### Work instruction
Return only that part of the material below which starts with the line containing "Chaine homme plaqué or 2,1 mm - Y0Y06060" and goes on through the line containing "Otterbox React Folio", restated exactly.

- Opening Delimiter -

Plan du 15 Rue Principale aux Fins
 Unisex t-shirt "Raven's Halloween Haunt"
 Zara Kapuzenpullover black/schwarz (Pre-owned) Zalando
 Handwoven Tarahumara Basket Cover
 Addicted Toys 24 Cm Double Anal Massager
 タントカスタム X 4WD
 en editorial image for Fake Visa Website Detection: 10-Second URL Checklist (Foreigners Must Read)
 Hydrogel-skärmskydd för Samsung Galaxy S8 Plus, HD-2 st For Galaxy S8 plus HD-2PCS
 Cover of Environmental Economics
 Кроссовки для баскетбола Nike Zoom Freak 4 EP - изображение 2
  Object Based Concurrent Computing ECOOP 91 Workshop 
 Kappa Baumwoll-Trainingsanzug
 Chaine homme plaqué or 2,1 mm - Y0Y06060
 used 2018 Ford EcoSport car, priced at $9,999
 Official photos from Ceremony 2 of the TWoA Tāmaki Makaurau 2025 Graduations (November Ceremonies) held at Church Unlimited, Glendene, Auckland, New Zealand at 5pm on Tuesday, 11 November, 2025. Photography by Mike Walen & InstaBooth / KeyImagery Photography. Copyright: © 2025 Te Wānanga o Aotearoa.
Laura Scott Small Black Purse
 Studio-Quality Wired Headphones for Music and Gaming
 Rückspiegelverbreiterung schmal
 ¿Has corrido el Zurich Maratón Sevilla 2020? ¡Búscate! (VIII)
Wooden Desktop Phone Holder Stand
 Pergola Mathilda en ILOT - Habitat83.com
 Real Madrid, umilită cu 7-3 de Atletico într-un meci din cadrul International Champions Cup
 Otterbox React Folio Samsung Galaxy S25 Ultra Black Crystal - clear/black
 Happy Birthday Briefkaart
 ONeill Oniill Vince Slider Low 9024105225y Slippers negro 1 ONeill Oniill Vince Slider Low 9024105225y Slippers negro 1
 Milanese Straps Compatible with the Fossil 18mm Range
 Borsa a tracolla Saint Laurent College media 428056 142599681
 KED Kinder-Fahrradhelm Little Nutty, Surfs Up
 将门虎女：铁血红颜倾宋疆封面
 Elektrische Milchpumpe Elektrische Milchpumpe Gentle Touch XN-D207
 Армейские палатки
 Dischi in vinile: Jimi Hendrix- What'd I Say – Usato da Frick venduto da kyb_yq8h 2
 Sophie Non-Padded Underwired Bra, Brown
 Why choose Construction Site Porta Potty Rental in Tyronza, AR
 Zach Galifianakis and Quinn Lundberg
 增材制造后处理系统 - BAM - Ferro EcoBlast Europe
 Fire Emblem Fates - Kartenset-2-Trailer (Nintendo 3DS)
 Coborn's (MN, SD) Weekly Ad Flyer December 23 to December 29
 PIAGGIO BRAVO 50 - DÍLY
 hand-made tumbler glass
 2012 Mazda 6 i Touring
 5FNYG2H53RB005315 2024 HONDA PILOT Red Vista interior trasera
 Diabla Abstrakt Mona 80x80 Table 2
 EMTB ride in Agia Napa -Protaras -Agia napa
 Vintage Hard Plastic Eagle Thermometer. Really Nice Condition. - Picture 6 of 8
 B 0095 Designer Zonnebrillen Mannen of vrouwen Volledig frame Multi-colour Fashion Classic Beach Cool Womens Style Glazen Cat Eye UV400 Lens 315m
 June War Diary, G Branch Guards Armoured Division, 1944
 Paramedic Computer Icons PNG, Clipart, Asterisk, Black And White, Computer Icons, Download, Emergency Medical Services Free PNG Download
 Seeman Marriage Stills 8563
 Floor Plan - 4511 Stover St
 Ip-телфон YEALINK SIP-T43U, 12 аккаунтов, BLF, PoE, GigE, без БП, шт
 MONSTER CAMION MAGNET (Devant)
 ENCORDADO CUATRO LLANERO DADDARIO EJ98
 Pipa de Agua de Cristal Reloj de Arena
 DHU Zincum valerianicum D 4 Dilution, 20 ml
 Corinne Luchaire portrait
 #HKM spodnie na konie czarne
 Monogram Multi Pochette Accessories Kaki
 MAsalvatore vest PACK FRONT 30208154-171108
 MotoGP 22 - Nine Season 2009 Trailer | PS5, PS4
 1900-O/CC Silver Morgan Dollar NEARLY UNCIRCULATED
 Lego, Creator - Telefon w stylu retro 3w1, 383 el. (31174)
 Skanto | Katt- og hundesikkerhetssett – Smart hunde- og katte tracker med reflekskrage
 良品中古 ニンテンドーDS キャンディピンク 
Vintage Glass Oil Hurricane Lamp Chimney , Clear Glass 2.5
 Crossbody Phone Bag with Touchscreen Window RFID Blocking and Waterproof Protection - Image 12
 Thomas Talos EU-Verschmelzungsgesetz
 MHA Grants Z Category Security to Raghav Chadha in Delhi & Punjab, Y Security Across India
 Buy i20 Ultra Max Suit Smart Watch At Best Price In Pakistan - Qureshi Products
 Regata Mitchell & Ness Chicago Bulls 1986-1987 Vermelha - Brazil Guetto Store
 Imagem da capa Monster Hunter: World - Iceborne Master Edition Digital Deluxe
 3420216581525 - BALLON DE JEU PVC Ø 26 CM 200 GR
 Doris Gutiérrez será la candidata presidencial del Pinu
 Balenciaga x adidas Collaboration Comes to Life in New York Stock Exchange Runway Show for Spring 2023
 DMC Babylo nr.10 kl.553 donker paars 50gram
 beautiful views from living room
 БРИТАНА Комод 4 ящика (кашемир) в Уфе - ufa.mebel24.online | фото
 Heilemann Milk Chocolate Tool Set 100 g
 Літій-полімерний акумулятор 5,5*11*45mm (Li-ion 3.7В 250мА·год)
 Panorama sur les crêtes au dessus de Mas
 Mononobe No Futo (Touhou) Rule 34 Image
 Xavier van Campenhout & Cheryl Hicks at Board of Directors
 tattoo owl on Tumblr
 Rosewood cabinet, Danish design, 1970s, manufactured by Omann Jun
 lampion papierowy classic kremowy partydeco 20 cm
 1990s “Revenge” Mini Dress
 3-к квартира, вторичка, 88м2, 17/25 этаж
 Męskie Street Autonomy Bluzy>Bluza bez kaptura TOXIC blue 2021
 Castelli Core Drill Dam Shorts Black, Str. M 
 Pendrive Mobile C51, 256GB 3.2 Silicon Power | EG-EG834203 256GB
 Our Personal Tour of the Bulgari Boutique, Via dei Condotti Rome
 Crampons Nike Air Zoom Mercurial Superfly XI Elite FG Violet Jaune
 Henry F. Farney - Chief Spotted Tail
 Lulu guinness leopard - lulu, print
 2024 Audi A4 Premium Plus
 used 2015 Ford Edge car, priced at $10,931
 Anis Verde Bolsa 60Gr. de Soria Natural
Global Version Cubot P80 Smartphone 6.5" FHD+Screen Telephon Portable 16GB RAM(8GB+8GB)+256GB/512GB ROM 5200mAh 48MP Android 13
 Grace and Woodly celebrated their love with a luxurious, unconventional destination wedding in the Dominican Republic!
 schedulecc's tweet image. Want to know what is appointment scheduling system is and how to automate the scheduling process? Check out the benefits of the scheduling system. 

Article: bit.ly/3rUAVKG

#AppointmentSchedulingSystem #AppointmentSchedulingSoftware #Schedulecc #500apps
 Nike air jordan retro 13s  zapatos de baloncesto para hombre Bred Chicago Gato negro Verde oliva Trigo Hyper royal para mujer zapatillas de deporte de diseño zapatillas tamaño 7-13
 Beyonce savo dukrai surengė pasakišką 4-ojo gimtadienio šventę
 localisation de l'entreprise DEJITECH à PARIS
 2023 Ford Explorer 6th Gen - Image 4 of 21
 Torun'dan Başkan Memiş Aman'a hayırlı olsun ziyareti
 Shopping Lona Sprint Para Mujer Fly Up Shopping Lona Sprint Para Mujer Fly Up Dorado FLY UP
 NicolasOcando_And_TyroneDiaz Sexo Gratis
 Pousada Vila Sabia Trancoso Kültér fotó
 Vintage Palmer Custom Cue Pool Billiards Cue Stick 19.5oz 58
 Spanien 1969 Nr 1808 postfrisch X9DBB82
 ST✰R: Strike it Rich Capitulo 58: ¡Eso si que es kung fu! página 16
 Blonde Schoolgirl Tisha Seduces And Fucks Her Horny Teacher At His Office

- Closing Delimiter -

### Solution to this task
 Chaine homme plaqué or 2,1 mm - Y0Y06060
 used 2018 Ford EcoSport car, priced at $9,999
 Official photos from Ceremony 2 of the TWoA Tāmaki Makaurau 2025 Graduations (November Ceremonies) held at Church Unlimited, Glendene, Auckland, New Zealand at 5pm on Tuesday, 11 November, 2025. Photography by Mike Walen & InstaBooth / KeyImagery Photography. Copyright: © 2025 Te Wānanga o Aotearoa.
Laura Scott Small Black Purse
 Studio-Quality Wired Headphones for Music and Gaming
 Rückspiegelverbreiterung schmal
 ¿Has corrido el Zurich Maratón Sevilla 2020? ¡Búscate! (VIII)
Wooden Desktop Phone Holder Stand
 Pergola Mathilda en ILOT - Habitat83.com
 Real Madrid, umilită cu 7-3 de Atletico într-un meci din cadrul International Champions Cup
 Otterbox React Folio Samsung Galaxy S25 Ultra Black Crystal - clear/black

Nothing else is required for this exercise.